Missile Defense Turns Thirty
By C. Dean McGrath, Jr.
North Korea is preparing to test a long-range missile and the Defense Department believes that the nation may soon be capable of building a nuclear-armed missile.
Meanwhile, Iran remains a serious threat -- the nation already has missile capability, it's working to develop inter-continental missiles (ICBMs), and it's committed to developing nuclear weapons.
There is also the very real threat of terrorists gaining these capabilities -- and radicals around the globe have shown a willingness to use whatever technology is available.
These threats are reminders of why the United States has invested decades of research into developing missile defense systems. While missile defense may have been a politically divisive issue when it was first proposed by President Reagan thirty years ago, the need for such capability is no longer in doubt.
Political and military leaders know the important role that missile defense systems play in protecting the United States and its allies from terrorist threats and rogue nations like North Korea and Iran. They also agree that improving those systems to meet new and evolving threats is a national security priority
When President Ronald Reagan first announced the concept of missile defense in 1983, he envisioned a system that could intercept incoming missiles from the Soviet Union. Until then, the United States relied on Mutual Assured Destruction -- or MAD -- as the only deterrent.
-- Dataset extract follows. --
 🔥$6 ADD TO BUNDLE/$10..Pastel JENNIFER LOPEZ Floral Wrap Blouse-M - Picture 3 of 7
The move to missile defense made sense, both morally and practically. As President Reagan said, "I've become more and more deeply convinced that the human spirit must be capable of rising above dealing with other nations and human beings by threatening their existence."
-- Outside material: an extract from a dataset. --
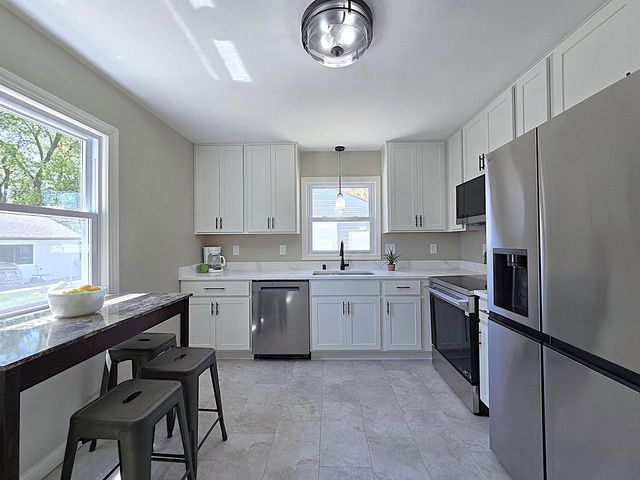 1203 110th STREET, West Allis, WI 53214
Today, it makes even more sense -- MAD has limited applicability to address the threats posed by rogue nations and terrorists.
Thirty years ago, Reagan's vision was dismissed out of hand -- called "Star Wars" -- and was considered unrealistic. President Reagan knew that the technological challenges would be enormous, but he never doubted that the United States could succeed. He challenged the nation to consider whether the world would be better off "if people could live secure in the knowledge that their security did not rest upon the threat of instant U.S. retaliation," but rather on our ability to "intercept and destroy strategic ballistic missiles before they reached our soil or that of our allies."
Thanks to bipartisan political support and thirty years of effort from scientists, engineers, military, and civilian personnel, the skeptics have been proven wrong. Missile defense interceptors are successfully destroying incoming missiles in both test and real-world situations. Most are familiar with the Patriot Air Defense Missile System, but there's also Terminal High Altitude Area Defense (THAAD), the Ground-based Midcourse Defense System, and Aegis Ballistic Missile Defense.
The Pentagon recently deployed the THAAD system to Guam to defend our military bases in the Pacific from North Korean threats, and Defense Secretary Chuck Hagel recently announced plans to deploy 14 more ground-based interceptors to California and Alaska.
The United States isn't the only country that has recognized the necessity of strong missile defense. Friends and allies, including Israel, Japan, South Korea and the UAE, have come to rely on these systems. Several others, including Poland and Turkey, are in the process of assessing their missile defense options.
The global consensus has shifted so far in favor of missile defense that the NATO alliance has adopted territorial missile defense as an operational priority. This commitment could enable countries to pool their expertise and resources, allowing some smaller nations to acquire and use missile defense systems that would otherwise be unaffordable if pursued independently.
Thirty years ago, President Reagan initiated "a comprehensive and intensive effort to define a long-term research and development program to begin to achieve our ultimate goal of eliminating the threat posed by strategic nuclear missiles." He noted that "Our only purpose - one all people share -- is to search for ways to reduce the danger of nuclear war."
We have made much progress toward that end. It is indisputable that a strong, practical missile defense system will be needed in the coming years to protect the United States, our friends and allies. It is not a political or diplomatic bargaining chip. Neither is it a budgetary luxury. It's a strategic necessity.
But despite thirty years of progress and achievement, we cannot stop our support of missile defense until we achieve the "ultimate goal of eliminating the threat posed by nuclear missiles."
C. Dean McGrath, Jr. was an Associate Counsel to President Reagan (1986-1989) He is an attorney with McGrath & Associates and an Adjunct Professor of Law at Georgetown University. He is a graduate of Duke University, the University of Nebraska College of Law, and the National War College.